Unsupervised Learning: Clustering

Learn how to group unlabeled data using K-Means, DBSCAN, and Hierarchical methods.

Python Basics Beginner 30 min

💡 Topic 1: Clustering (Unsupervised Learning)

Clustering is a core technique in Unsupervised Learning. This means the algorithm analyzes data without any predefined labels or correct answers (unlike regression or classification).

The algorithm's job is to automatically find hidden structures or groups in the data. It clusters data points that are "similar" to each other based on their features (e.g., proximity in a multi-dimensional space).

Real-World Analogy: Music Recommendations

The app groups users by similar listening habits (e.g., users who listen to fast, guitar-heavy songs vs. slow, orchestral songs). These groups are the clusters used for targeted recommendations.

Key Use Cases:

Customer Segmentation: Grouping customers by purchasing habits to target marketing campaigns.
Anomaly Detection: Identifying data points that don't fit into any group (outliers) as suspicious activity.
Data Reduction: Using cluster centroids to summarize large datasets.

🎯 Topic 2: K-Means Clustering (Centroid-Based)

K-Means is the most popular clustering algorithm. It aims to partition data into a predefined number, K, of clusters.

The algorithm works by iteratively finding the best position for cluster centers (centroids) through two steps: Assign (each point goes to the nearest center) and Update (the center moves to the average location of its assigned points). The objective is to minimize the total Inertia (Within-Cluster Sum of Squares).

⚠️ Critical Requirement: Data Scaling

K-Means measures Euclidean distance. If features have vastly different scales (e.g., 'Age' vs 'Salary'), the larger feature dominates the distance calculation. You must scale your data (e.g., with StandardScaler) before using K-Means.

💻 Example: K-Means Implementation

from sklearn.cluster import KMeans
from sklearn.preprocessing import StandardScaler

scaler = StandardScaler()
X_scaled = scaler.fit_transform(X)

model = KMeans(n_clusters=3, random_state=42, n_init='auto')
model.fit(X_scaled)
labels = model.labels_

🦴 Topic 3: The Elbow Method (Choosing K)

The major weakness of K-Means is that you have to choose K beforehand. The Elbow Method is a heuristic technique to visually determine the optimal number of clusters.

We measure Inertia (or WCSS - Within-Cluster Sum of Squares), which is the sum of squared distances from every point to its closest centroid. As K increases, Inertia always decreases.

We plot K vs Inertia. The ideal K value is the point where the rate of decrease in inertia slows down significantly, creating a bend or "elbow" on the graph. This point represents the diminishing returns. [Image of Elbow Method graph]

🌳 Topic 4: Hierarchical Clustering (Dendrograms)
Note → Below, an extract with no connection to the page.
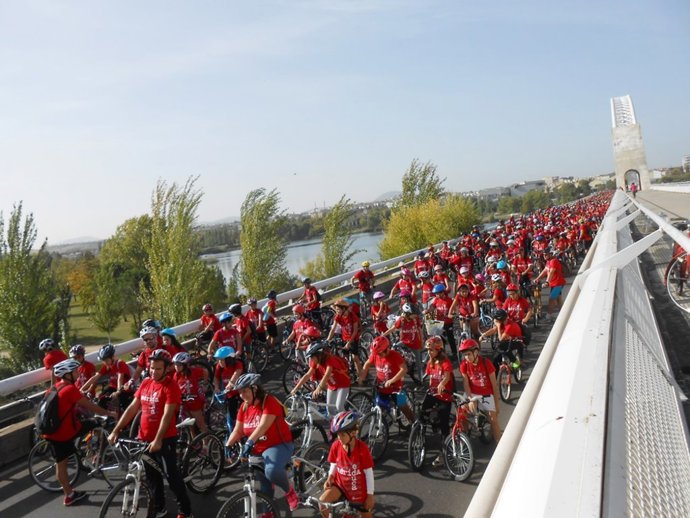 Archivo - Escolares en el puente Lusitania durante una edición del Día Escolar de la Bicicleta.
This method does not require a predefined K. Instead, it builds a tree structure of clusters called a Dendrogram, showing the merging or splitting process of every data point.

Agglomerative (Bottom-Up):

The most common type starts with every data point as its own cluster (N clusters) and then progressively merges the two closest clusters (based on a linkage criterion) until only one giant cluster remains. The final cluster number (K) is chosen by cutting the dendrogram at a specific height.

💻 Example: Implementing Agglomerative Clustering

from sklearn.cluster import AgglomerativeClustering

agg_model = AgglomerativeClustering(n_clusters=5, linkage='ward')
labels = agg_model.fit_predict(X_scaled)

🌌 Topic 5: DBSCAN (Density-Based)

DBSCAN (Density-Based Spatial Clustering of Applications with Noise) is powerful because it finds clusters of arbitrary shapes (moons, spirals), unlike K-Means which is limited to spherical clusters. It groups points based on density.

Key Parameters:

eps: The radius of the neighborhood to check for density around a point.
min_samples: The minimum number of points required within the eps radius to form a dense region (a cluster core).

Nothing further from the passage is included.